Fried chicken. I could write a book. Like most southern men my age, it is intertwined in who I am. I cannot remember the first fried chicken I ever had, but I remember things from Mrs. Kelly’s Kindergarten when I was four years old. My first chicken must have been some time before then.
I can still see the fried chicken bubbling in the grease in a cast iron skillet. Gravy would soon follow, often on homemade mashed potatoes. Of course, everything was homemade back in those days. Instant potatoes had not made their debut in the groceries stores and there was no pre-cut chicken. My mother could cut up a chicken in a matter of seconds, though it always took two birds for our family.
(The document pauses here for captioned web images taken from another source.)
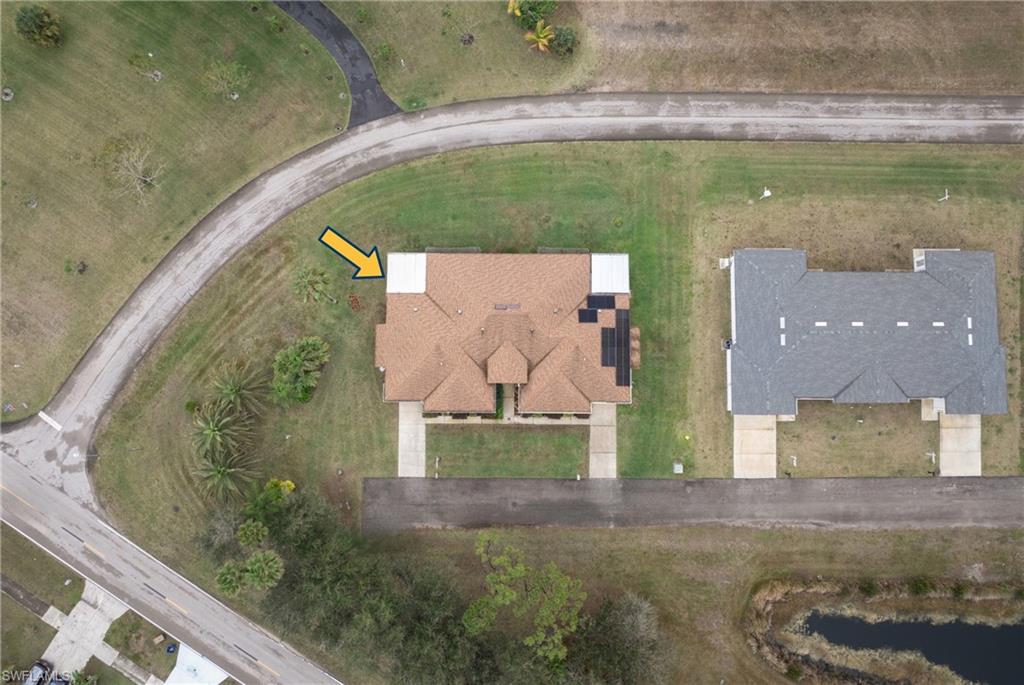 MIRROR LAKES - Residential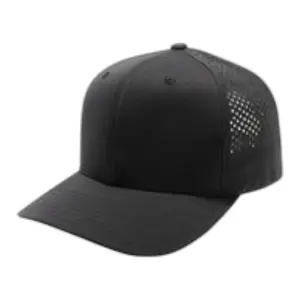 PitBull PB301NR Hybrid Perforated Cap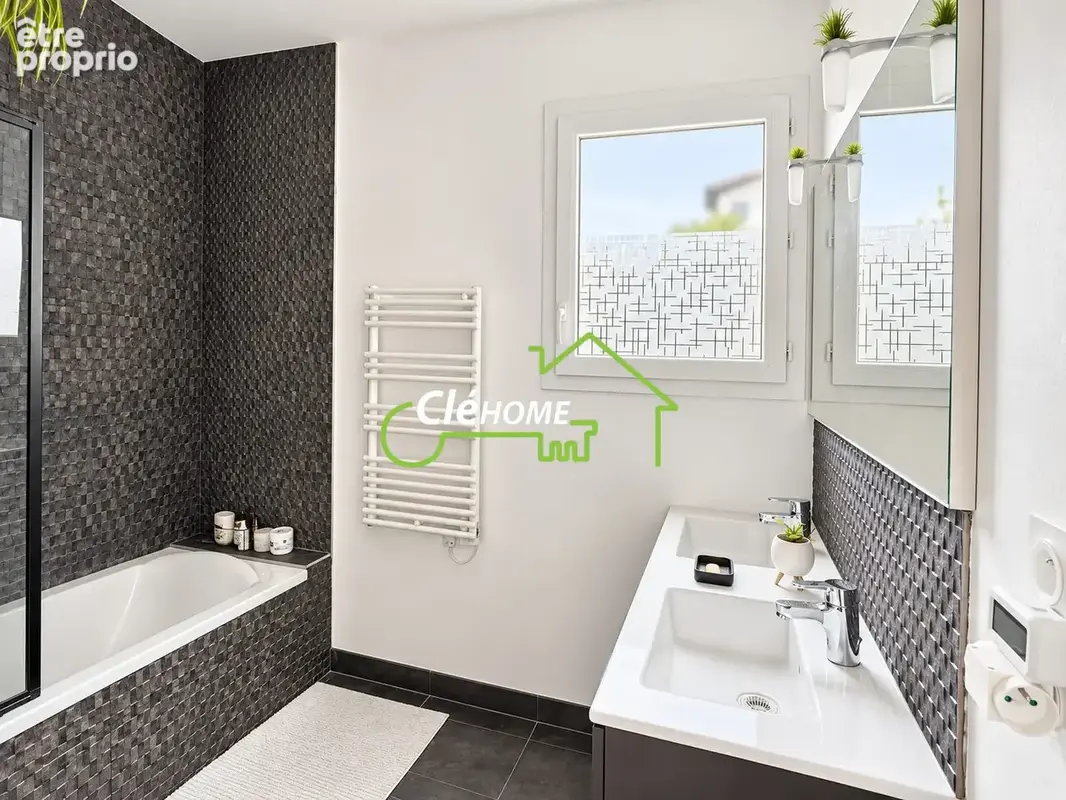 Maison 4 pièces 92 m² à vendre à Lentilly (69210) - photo 9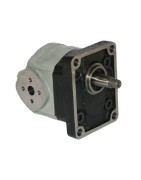 Krumpliaratiniai varikliai su plieniniu korpusu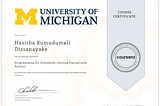 My First Try in ‘coursera’ (Programming for Everybody_Getting Started with Python)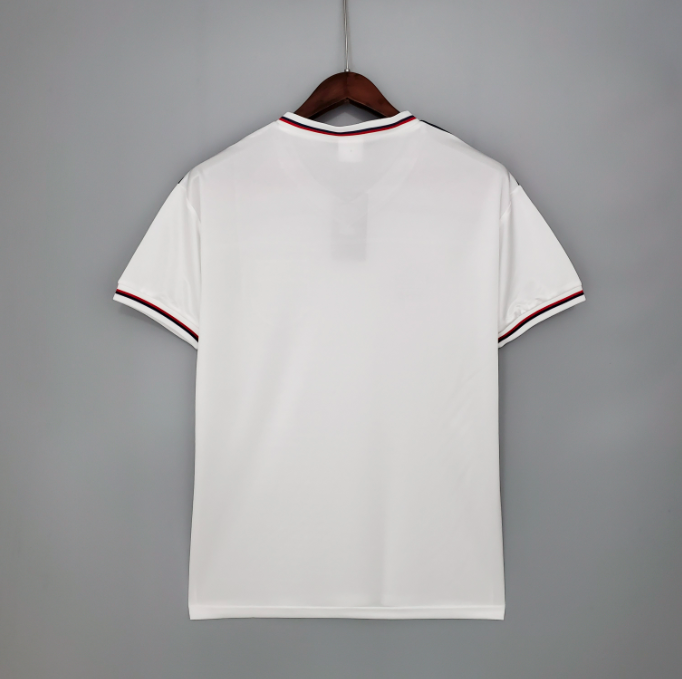 Camisa Inglaterra - Retrô | 1982 - (Casa)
Some of my earliest arguments with my siblings were about which pieces of chicken we were going to get on our plate. The pulley bone was the absolute favorite of everyone sitting at the table. The problem was there was only one pulley bone per chicken. Our baby sister often got dibs on breaking the pulley bone, though she might dispute that recollection.
My brother and I loved the short thighs. I love them to this day, though they are extremely hard to find. My mother would put the backs on her plate, as her kids grabbed and devoured the choice pieces.
When is the last time you saw a chicken back in a grocery store? Or a short thigh? Or a pulley bone? Sometimes the world changes and not for the better.
Pauline’s City Café in Cottonwood, Alabama, where I grew up, had some of the best chicken in the world. I can still smell it and taste it. If you were not there by 11:00 a.m., then the white meat would likely be all gone. Perhaps, that is how I learned to love short thighs.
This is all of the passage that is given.